Society-Funded Investigators Discover New Avenues for Developing Treatments for Progressive MS
A team at the National Institutes of Health has found that certain brain lesions (areas of MS activity or damage identified using MRI) are linked with a more severe course of MS. These results may help direct the development of new treatments aimed at these brain lesions to stop MS progression. The team is led by Daniel Reich, MD, PhD, and includes Martina Absinta, MD, PhD, who is funded by a postdoctoral fellowship from the National MS Society and the Conrad N. Hilton Foundation.
These researchers used a powerful 7-Tesla MRI scanner (which allows researchers to see with greater detail much smaller areas of the brain than a conventional MRI scanner) to track the evolution of MS brain lesions over time. They previously reported that lesions that have undergone natural repair lose their distinct edge, or rim, that surrounds them.
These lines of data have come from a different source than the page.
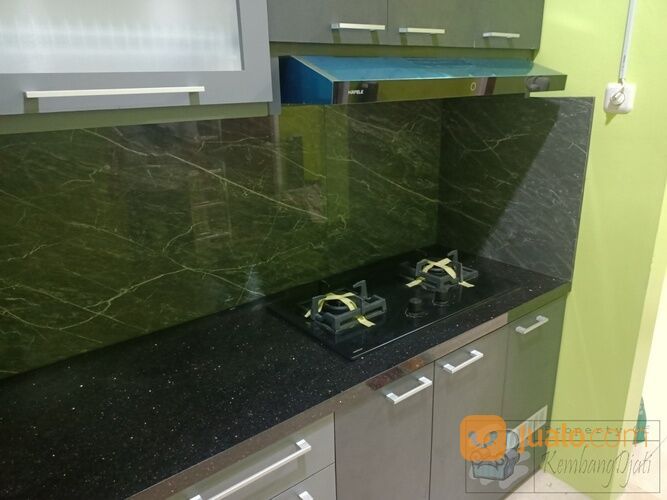 Kitchen Set Meja Granit Asli Semarang + Furniture Semarang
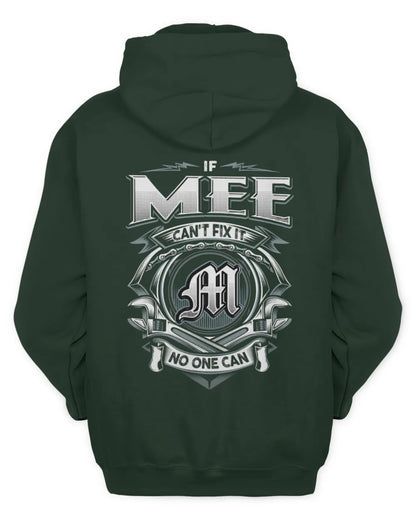 MEE AP81-K4-626 - Personalized Ahmed Quote Apparel “If Ahmed Can't Fix It, No One Can” - Unisex Hoodie - Forest Green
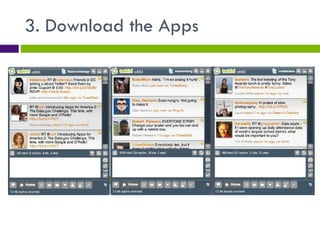3. Download the Apps 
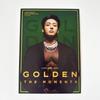 [USED] Jungkook GOLDEN Seoul Exhibition Bonus Trading Card Included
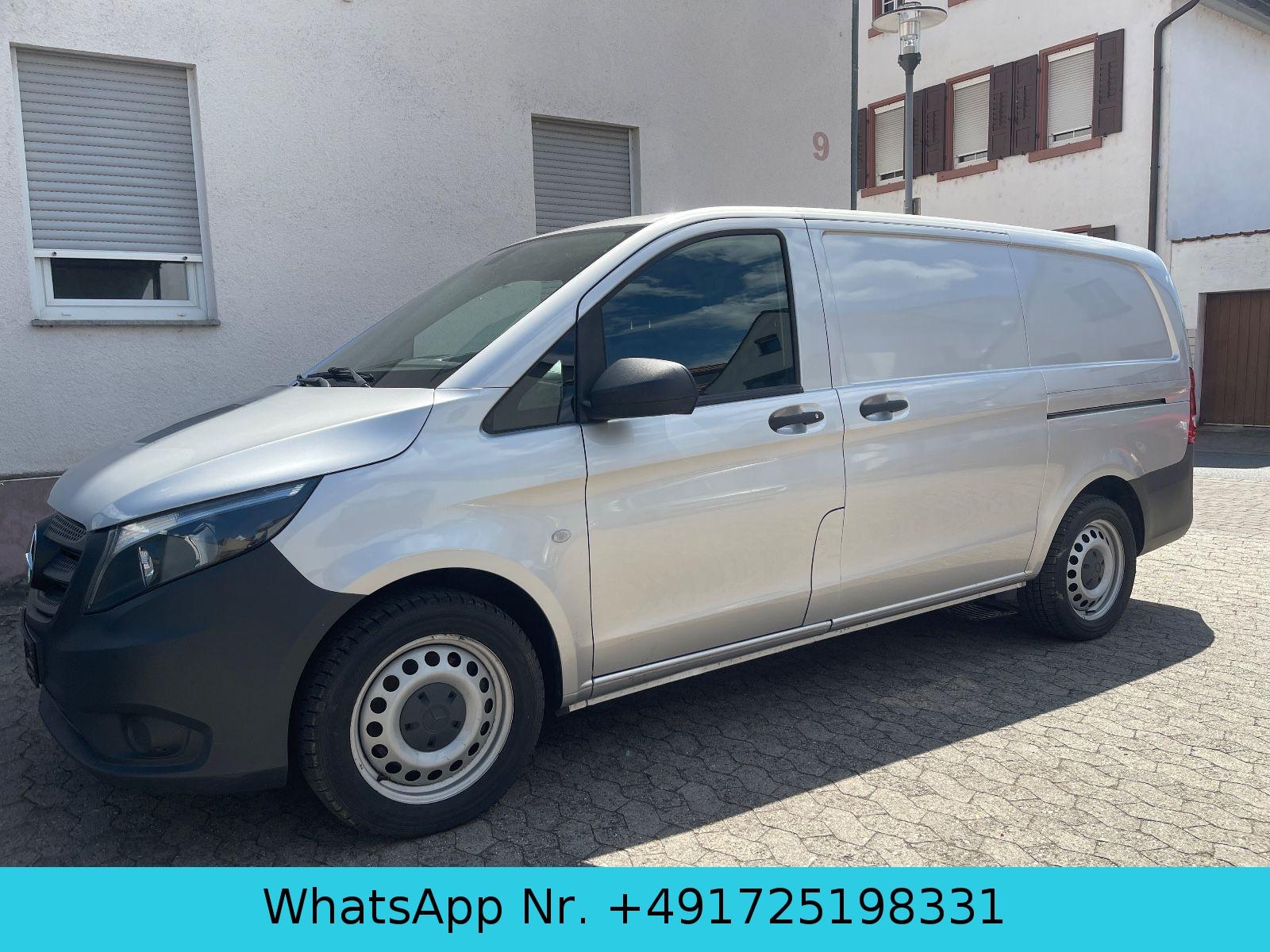 Mercedes-Benz Vito Kasten 114 CDI  lang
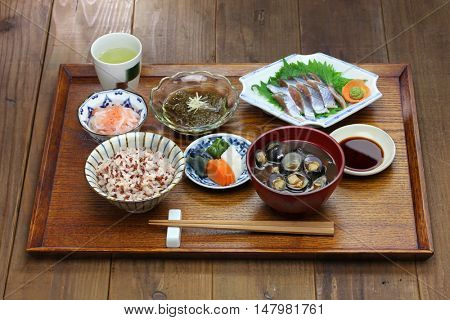 japanese set meal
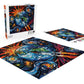 Buffalo Games - Aja Trier - Galactic Journey - 300 Piece Jigsaw Puzzle For Adults Challenging Puzzle Perfect For Game Nights - Finished Size Is 21.25 X 15.00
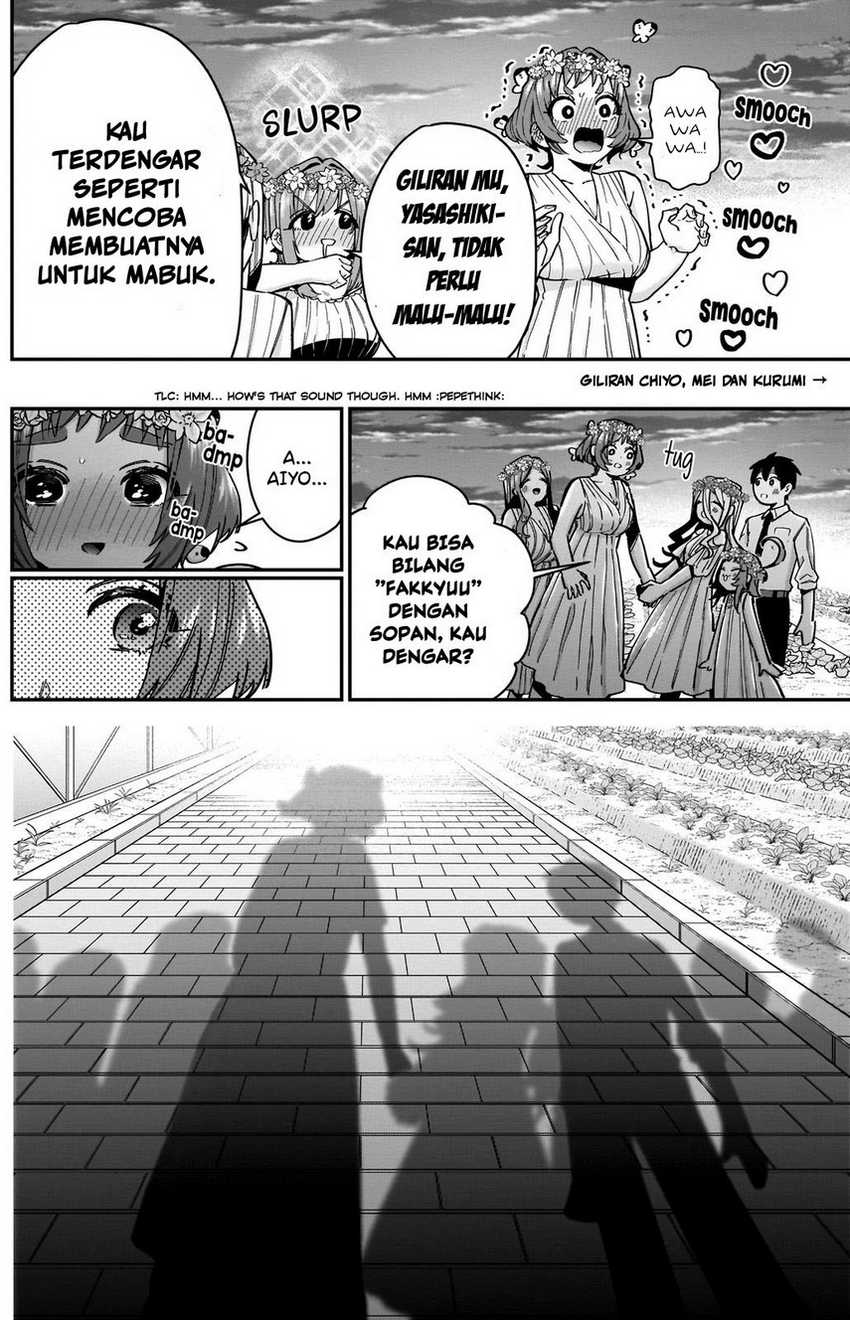 Kimi no Koto ga Dai Dai Dai Dai Daisuki na 100-ri no Kanojo Chapter 65 - halaman 9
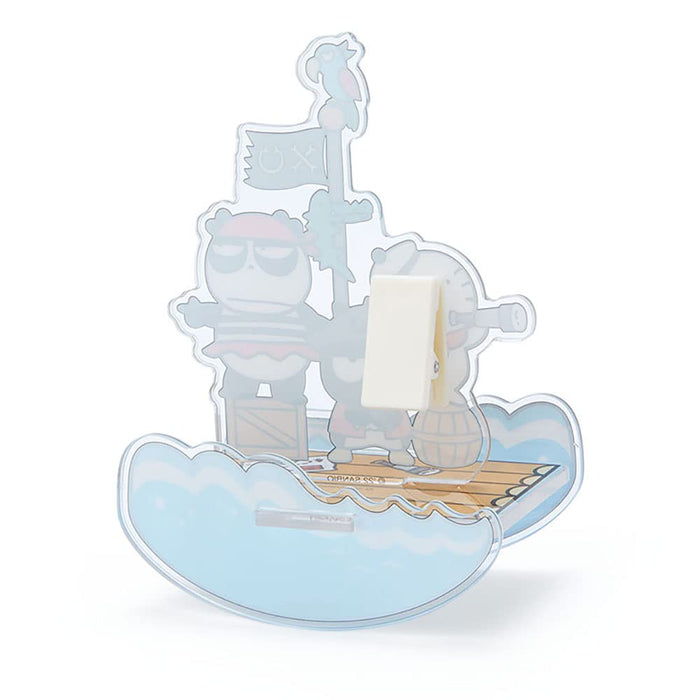 SANRIO Acrylic Stand Bad Badtz-Maru Treasure Hunting- Japan Figure Store - #1 Bring To You The Best Japanese Goods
Some lesions have persistent rims of “smoldering” inflammation, which appear to indicate tissue damage that was not repaired.
In this study, the team looked at lesions that did or did not have such rims in 192 people with MS. Individuals who had four or more lesions with rims were more likely to develop progressive MS, and to experience earlier mobility and cognitive impairments and more brain tissue volume loss. The rims appeared in some people regardless of whether or not they received treatment with disease-modifying therapies. This reinforces the need to develop new treatments that can address smoldering inflammation inside the brain to stop MS progression.
The team has shared a program that will enable other researchers to detect smoldering lesions with less powerful MRI scanners that are more commonly used in clinics to encourage their incorporation in research and future clinical trials. They also are continuing to study such MRI signal changes in people with MS.